Mi sembra chiaro che, maturando questa problematica nella coscienza dell'autore mentre scriveva i primi due romanzi, egli abbai strutturato il terzo verso una conclusione in un certo senso non prevista. Scrivo 'in un certo senso' perché sono convinto che le parole abbiano una vita propria, indipendente dalle labbra che le pronunciano. In altri termini, Francesco Alberto Giunta, sarebbe stato preso per mano dai propri personaggi che gli hanno imposto una certa soluzione che carica di senso l'impianto profondo della trilogia mentre rituffa nell'ombra le connessioni.
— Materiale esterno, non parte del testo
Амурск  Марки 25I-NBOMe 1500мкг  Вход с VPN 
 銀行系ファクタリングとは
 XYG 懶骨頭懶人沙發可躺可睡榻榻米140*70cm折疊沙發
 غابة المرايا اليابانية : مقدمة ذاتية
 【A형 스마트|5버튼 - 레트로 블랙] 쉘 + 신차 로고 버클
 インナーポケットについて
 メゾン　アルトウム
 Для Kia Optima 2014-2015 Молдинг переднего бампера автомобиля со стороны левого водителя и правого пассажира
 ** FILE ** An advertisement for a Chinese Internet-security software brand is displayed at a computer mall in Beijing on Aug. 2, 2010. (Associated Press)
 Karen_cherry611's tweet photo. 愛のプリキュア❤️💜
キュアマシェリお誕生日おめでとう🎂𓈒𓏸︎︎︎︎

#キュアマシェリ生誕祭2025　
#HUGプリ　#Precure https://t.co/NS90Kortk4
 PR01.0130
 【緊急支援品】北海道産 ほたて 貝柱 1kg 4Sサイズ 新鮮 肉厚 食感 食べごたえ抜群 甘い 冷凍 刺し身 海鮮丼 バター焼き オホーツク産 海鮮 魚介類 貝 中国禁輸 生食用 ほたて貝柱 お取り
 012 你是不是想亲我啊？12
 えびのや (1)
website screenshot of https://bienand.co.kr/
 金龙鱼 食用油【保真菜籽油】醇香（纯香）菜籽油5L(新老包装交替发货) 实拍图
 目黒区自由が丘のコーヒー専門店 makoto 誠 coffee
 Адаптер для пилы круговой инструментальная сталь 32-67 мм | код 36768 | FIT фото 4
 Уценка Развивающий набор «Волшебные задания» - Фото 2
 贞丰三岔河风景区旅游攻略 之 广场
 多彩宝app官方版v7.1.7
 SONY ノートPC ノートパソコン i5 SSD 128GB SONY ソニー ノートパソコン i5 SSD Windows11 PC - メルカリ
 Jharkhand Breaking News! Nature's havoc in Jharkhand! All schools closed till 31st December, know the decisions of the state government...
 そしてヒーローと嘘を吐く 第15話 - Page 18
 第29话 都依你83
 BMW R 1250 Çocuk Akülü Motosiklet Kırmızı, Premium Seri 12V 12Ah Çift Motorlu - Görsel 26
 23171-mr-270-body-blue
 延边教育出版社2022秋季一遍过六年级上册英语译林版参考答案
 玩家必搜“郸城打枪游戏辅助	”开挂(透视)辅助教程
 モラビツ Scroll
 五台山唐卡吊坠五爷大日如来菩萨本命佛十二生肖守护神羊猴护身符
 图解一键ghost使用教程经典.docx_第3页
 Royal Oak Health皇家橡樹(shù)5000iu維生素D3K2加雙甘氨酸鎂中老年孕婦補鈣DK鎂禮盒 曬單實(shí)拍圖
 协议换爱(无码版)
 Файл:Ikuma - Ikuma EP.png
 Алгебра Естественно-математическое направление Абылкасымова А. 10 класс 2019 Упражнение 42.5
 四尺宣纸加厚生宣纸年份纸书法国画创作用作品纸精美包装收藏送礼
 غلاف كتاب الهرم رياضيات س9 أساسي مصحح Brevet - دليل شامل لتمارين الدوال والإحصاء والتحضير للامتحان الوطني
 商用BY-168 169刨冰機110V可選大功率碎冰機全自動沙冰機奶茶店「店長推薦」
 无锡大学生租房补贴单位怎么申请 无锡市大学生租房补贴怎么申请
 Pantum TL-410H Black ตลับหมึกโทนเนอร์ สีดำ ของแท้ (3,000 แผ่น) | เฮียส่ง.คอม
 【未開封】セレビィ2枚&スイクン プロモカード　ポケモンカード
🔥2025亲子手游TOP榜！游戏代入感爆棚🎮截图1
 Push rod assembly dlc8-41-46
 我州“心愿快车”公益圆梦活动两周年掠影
Saremmo dunque nel solco della gran nave pirandelliana? senza dubbio, ma non trascuriamo quel sottotitolo romanzo d'idee che non figura nei primi due volumi e che impone al terzo una tensione speculativa (e, largamente politica) a cui Pirandello non avrebbe certo consentito, lasciando verosimilmente i personaggi prigionieri dei propri sogni: poiché, alla fine, non interessa all'autore concludere un discorso storico, bensì agitare un problema.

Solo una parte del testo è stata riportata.